Armenia PM accuses military of 'attempted coup'

Armenia PM accuses military of 'attempted coup'

Pashinyan has been under pressure since he signed a peace deal brokered by Russia that ended the conflict over Karabakh
Pashinyan has been under pressure since he signed a peace deal brokered by Russia that ended the conflict over Karabakh

YEREVAN - Armenian leader Nikol Pashinyan accused the military of an attempted coup and urged supporters to take to the streets Thursday, after months of tensions over his handling of last year's war with Azerbaijan.

The country's top military brass had earlier Thursday demanded the prime minister resign, setting off a potential power struggle in the Caucasus nation.

Pashinyan denounced the statement as a coup attempt and called on supporters to demonstrate.

"I consider the statement of the General Staff of the Armed Forces an attempted military coup.
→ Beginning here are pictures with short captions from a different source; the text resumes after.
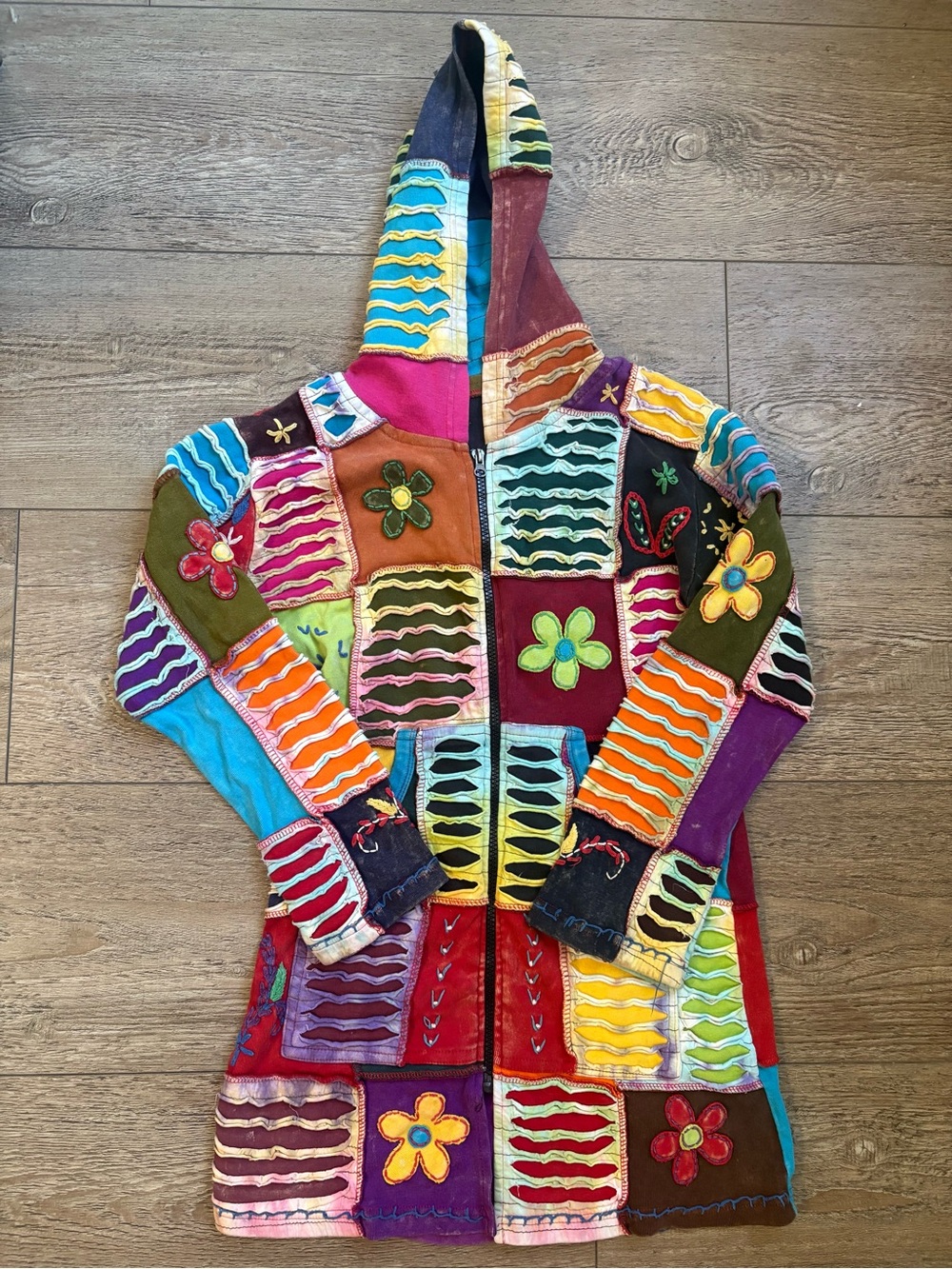 Vintage Multicolor Floral Patchwork Hippie Coded Zip-up Hoodie Made in Nepal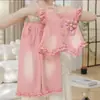 Traje de Primavera y Otoño para Niña 2025 Moda Bebé Chaleco de Mezclilla Jeans Camiseta de Malla Base Conjunto Popular de Tres Piezas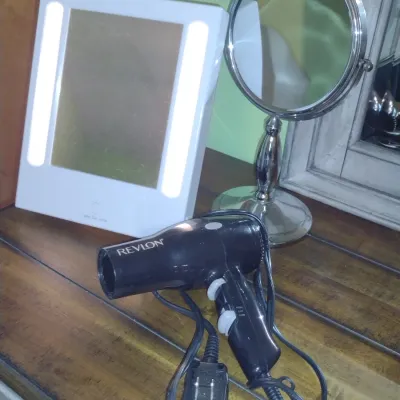 Collection of Beauty Appliances- Hair Dryer, Magnifying Mirror, Conair Lighted Cosmetic Mirror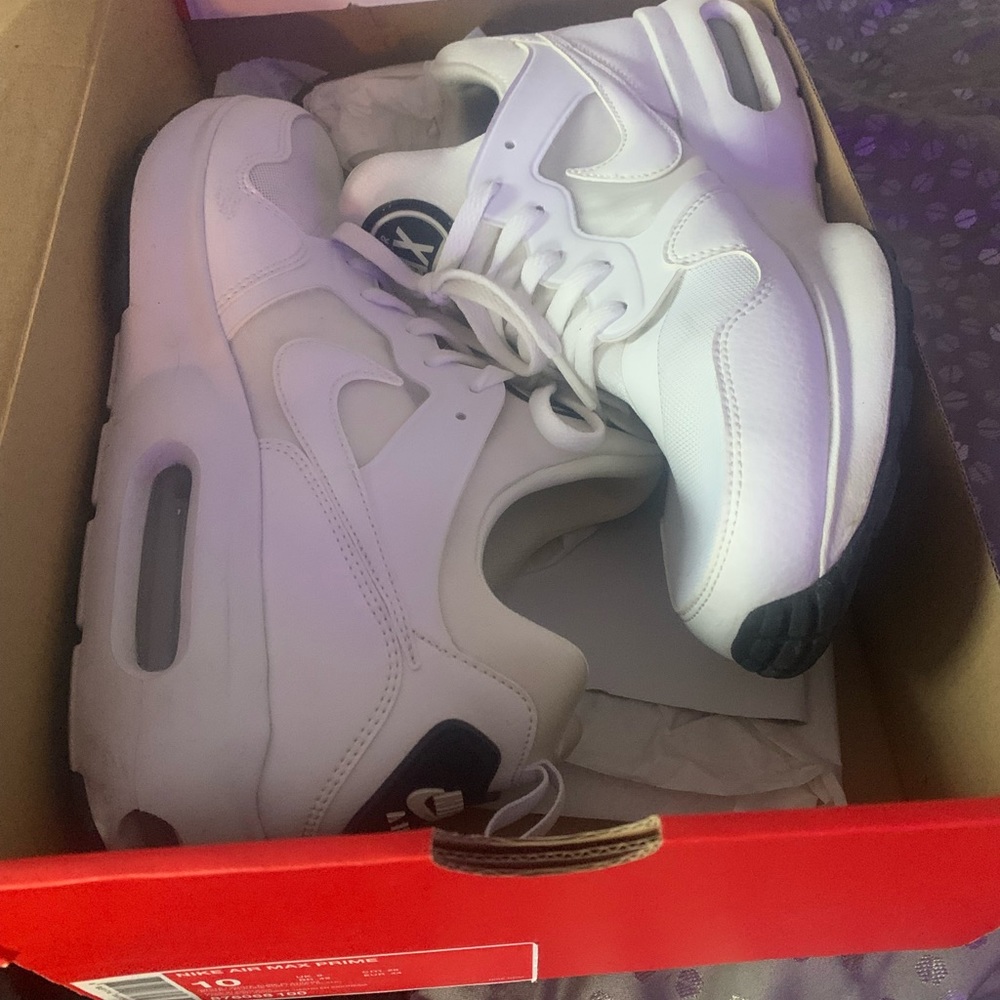 Nike shoes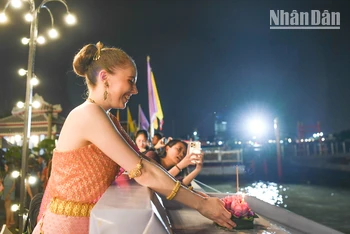 Nữ du khách nước ngoài mặc trang phục truyền thống Thái Lan, trải nghiệm lễ hội Loy Krathong.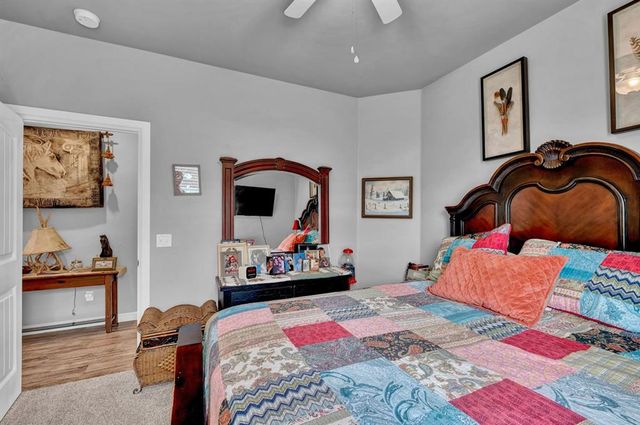 9 Southpointe Avenue, Tuttle, OK 73089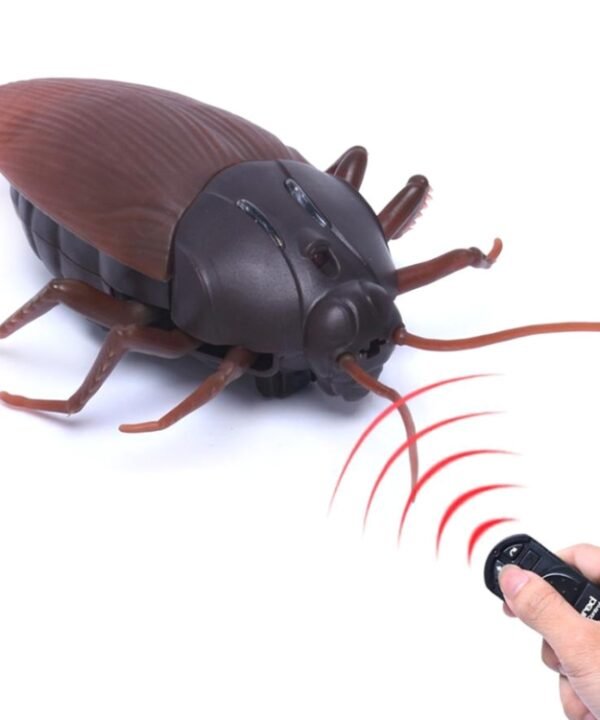 Tricky Funny Toy Infrared Remote Control Scary Creepy Cockroach, Size: 7.5*14cm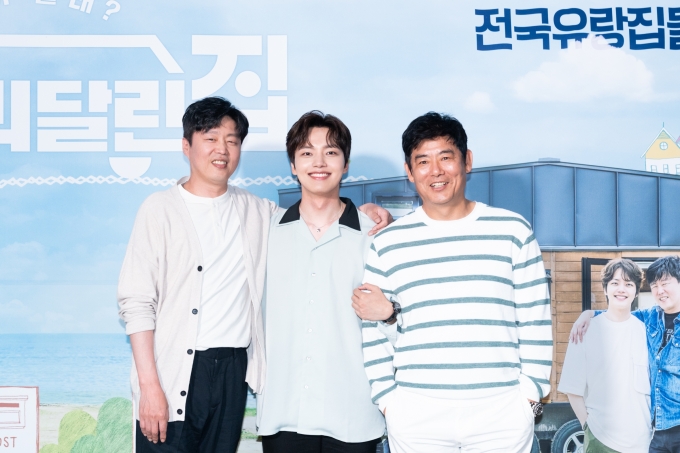 배우 성동일과 김희원, 여진구가 '바퀴 달린 집' 제작발표회에 참석했다.  [사진=tvN]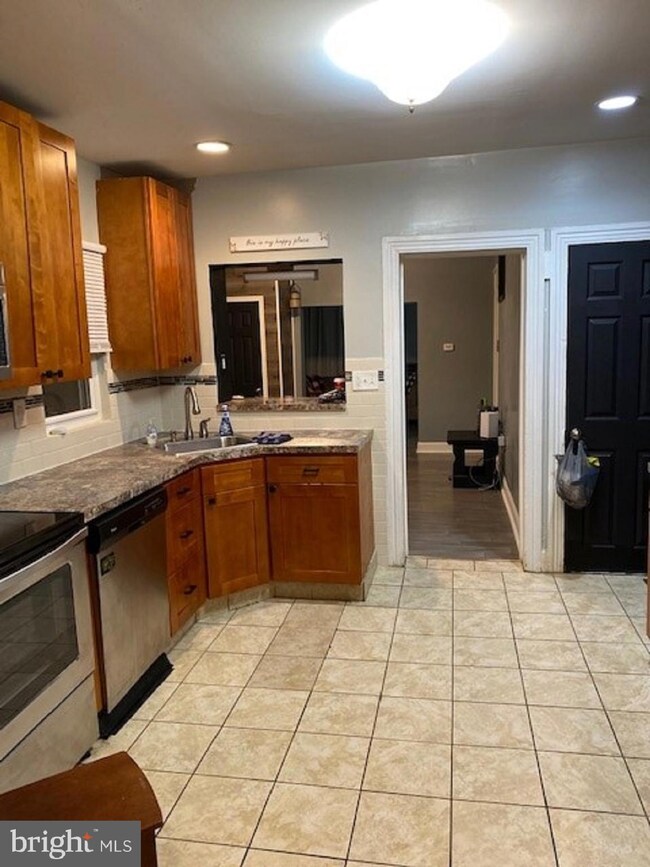 609 Glasgow St, Pottstown, PA 19464 - photo 6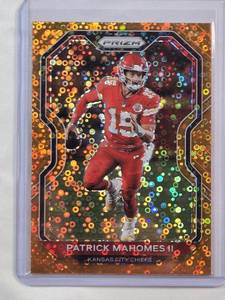 lot 57 image: Patrick Mahomes 2020 Panini Orange Disco Prizm #124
I invite all of our supporters to Republic Square right now," he wrote on Facebook, referring to a central square in the capital Yerevan.

Pashinyan also fired the head of the general staff Onik Gasparyan, whose office had released the statement following the prime minister's sacking of deputy armed forces chief of staff Tigran Khachatryan on Wednesday.

Khachatryan had ridiculed claims by Pashinyan that Iskander missiles supplied by Russia -- Armenia's main military ally -- had failed to hit targets during the war with Azerbaijan over the disputed Nagorno-Karabakh region.

The general staff statement said the firing was made "exclusively on the basis of the personal feelings and ambitions" of Pashinyan.

Pashinyan and his government "are not capable of taking adequate decisions," the statement said, denouncing "attacks by the authorities aimed at discrediting the Armed Forces."

- National humiliation -

Kremlin spokesman Dmitry Peskov said Moscow was concerned by the events in Yerevan and called for calm.

Pashinyan has been under pressure since he signed a peace deal brokered by Russia that ended the conflict over Karabakh, an ethnic Armenian region that broke away from Azerbaijan's control during a war in the early 1990s.

Fresh fighting erupted over the region in late September with Azerbaijani forces backed by ally Turkey making steady gains.

After six weeks of clashes and bombardment that claimed some 6,000 lives, a ceasefire deal was signed that handed over swathes of territory to Azerbaijan and allowed for the deployment of Russian peacekeepers.

Azerbaijan regained control of several regions around Karabakh that its separatist forces had seized in the 1990s war and the strategically and symbolically important town of Shusha.

The agreement was seen as a national humiliation for many in Armenia, though Pashinyan has said he had no choice but to agree or suffer even bigger losses.

It was met with protests in the capital Yerevan, where demonstrators stormed government offices on the night it was signed and have continued to regularly gather.

Pashinyan has rejected calls to resign and for early elections despite the building pressure.

The 45-year-old former newspaper editor came to power spearheading peaceful protests in 2018 and initially brought a wave of optimism to Armenia, a deeply impoverished ex-Soviet state that also borders Iran, Georgia and Turkey.

But his handling of the war has provoked fierce criticism from Pashinyan's political opponents including former leader Serzh Sarkisian who was forced to resign in 2018.